BeerSmith Recipe Printout - www.beersmith.com
Recipe: PFC LCPA
Brewer: Tony Brown
Asst Brewer: Jess
Style: American Pale Ale
TYPE: All Grain
Taste: (35.0) 

Recipe Specifications
--------------------------
Batch Size: 24.00 L 
Boil Size: 32.79 L
Estimated OG: 1.056 SG
Estimated Color: 9.5 EBC
Estimated IBU: 47.8 IBU
Brewhouse Efficiency: 80.00 %
Boil Time: 75 Minutes

Ingredients:
------------
Amount Item Type % or IBU 
3.75 kg Pale Malt (Barrett Burston) (3.9 EBC) Grain 68.81 % 
1.00 kg AA Munich I (Weyermann) (14.0 EBC) Grain 18.35 % 
0.35 kg AA Wheat Malt (Barrett Burston) (3.0 EBC) Grain 6.42 % 
0.35 kg Cara-Pils/Dextrine (3.9 EBC) Grain 6.42 % 
40.00 gm Goldings, East Kent Pellets [5.10 %] (60 Hops 21.1 IBU 
5.00 gm Chinook [12.00 %] (60 min) Hops 6.2 IBU 
30.00 gm Cascade [6.00 %] (20 min) Hops 11.3 IBU 
30.00 gm Cascade [6.00 %] (10 min) Hops 6.8 IBU 
10.00 gm Chinook [12.00 %] (5 min) Hops 2.5 IBU 
50.00 gm Chinook [12.00 %] (0 min) (Aroma Hop-SteeHops - 
50.00 gm Chinook [12.00 %] (0 min) Hops - 
0.50 tsp Koppafloc (Boil 15.0 min) Misc 
1 Pkgs US-56 (Safale) [Starter 200 ml] Yeast-Ale 


Mash Schedule: Single Infusion, Light Body, Batch Sparge
Total Grain Weight: 5.45 kg
----------------------------
Single Infusion, Light Body, Batch Sparge
Step Time Name Description Step Temp 
75 min Mash In Add 14.22 L of water at 72.2 C 62.0 C 


Notes:
------
50G Chinook at flame out.
50 g Chinook into the fermenter

-------------------------------------------------------------------------------------

cheers

Browndog


----------



## shawnheiderich (8/12/07)

Just sitting down to a pint of LCPA and enjoying the hops shining through. I have brewed two pale ale AG and about half a dozen KK PA it is one of my favorite styles with the hops flavour it is forgiving for us novices. I will give it a go when time permits and see how it turns out. Thanks for the recipe.

Shawn


----------



## mika (8/12/07)

Kinda looks like a bolder version of it Browndog



> 1.00 tsp Sodium Chloride (Boil 60.0 min) Misc


 - Table salt, why ? I know they're close to the sea :lol: 

48 IBU also seems way up there, Would be interesting to know what IBU formula you're using. I'm lead to believe that the IBU's on LCPA is a reasonable amount lower. Though I could concede that to get the same taste that they get from the Hopback, you need to up the hops, though I would have thought it would be mostly late additions not adding a lot to the IBU's.

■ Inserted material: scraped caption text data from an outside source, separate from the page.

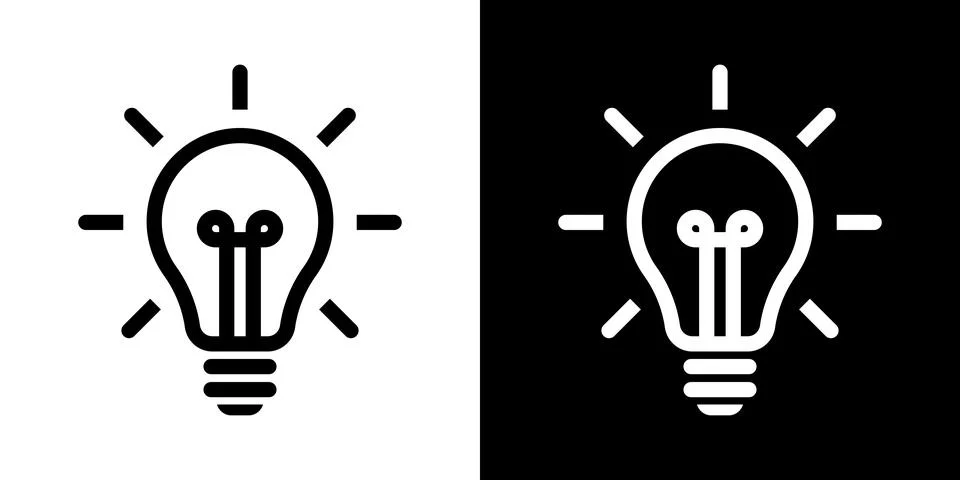 Light bulb idea icon. Brain inside lightbulb vector Innovation creativity logo. Stock Illustration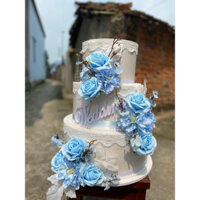 Bánh kem giả trang trí tiệc Cưới 3 tầng tone Xanh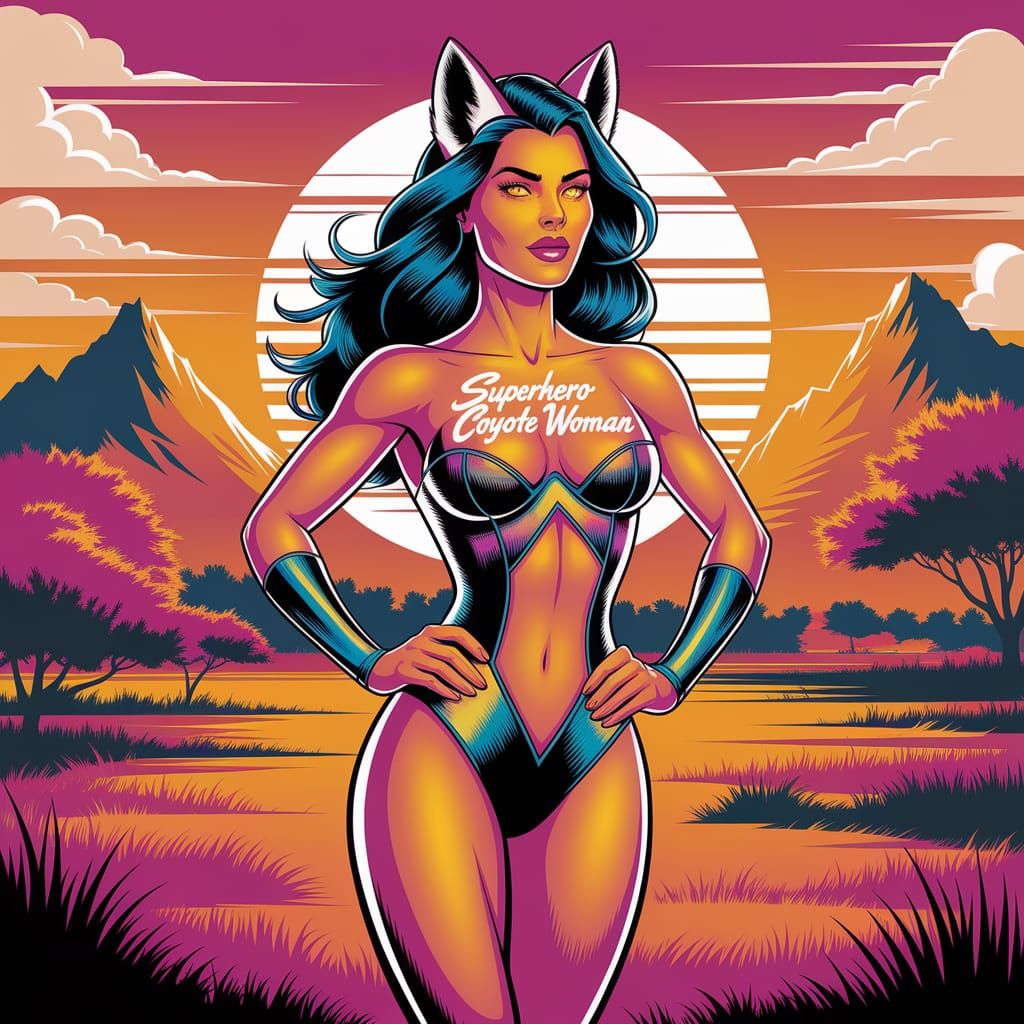 Coyote Woman Superhero at Sunset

I think is was GL who after meeting with the Whitelabs guru was told in passing that they use large amounts of WLP001.

I guess that could be it as well, US56 isn't real great at bringing hop flavour forward in a beer.

If you reckon it tastes the same, cool, was just curious about the differences with what I've been told or read along the way.


----------



## browndog (8/12/07)

mika said:


> Kinda looks like a bolder version of it Browndog
> 
> - Table salt, why ? I know they're close to the sea :lol:
> 
> ...



The table salt, yep that goes into all my brews, probably should have deleted that before posting. As far as the IBUs go, this is what works on my system, I tried lower amounts and came to the conclusion that LCPA is quite the bitter brew. If you can see anywhere I can improve the recipe, I'd love to hear mate, give it a whirl and see what you think.

cheers

Browndog


----------



## roger mellie (8/12/07)

browndog said:


> The table salt, yep that goes into all my brews, probably should have deleted that before posting. As far as the IBUs go, this is what works on my system, I tried lower amounts and came to the conclusion that LCPA is quite the bitter brew. If you can see anywhere I can improve the recipe, I'd love to hear mate, give it a whirl and see what you think.
> 
> cheers
> 
> Browndog



Im with you BD - a heaped teaspoon makes it into all my brews.

A wise man told me that a wise man told him ...

RM


----------



## mika (9/12/07)

Yeah, might have to put it thru the system, see how it turns out. Not sure about the Chinook dry hopping though. Tried that in another APA I made and DAMN that was grassy. Took quite a while to settle out and IIRC that was with only 25g.
Though looking at your recipe I'm noting several similarities with JasonY's recipe (at least in terms of malt bill percentages) that was commented on "being pretty close" by the LCPA guys on the grumpy forum.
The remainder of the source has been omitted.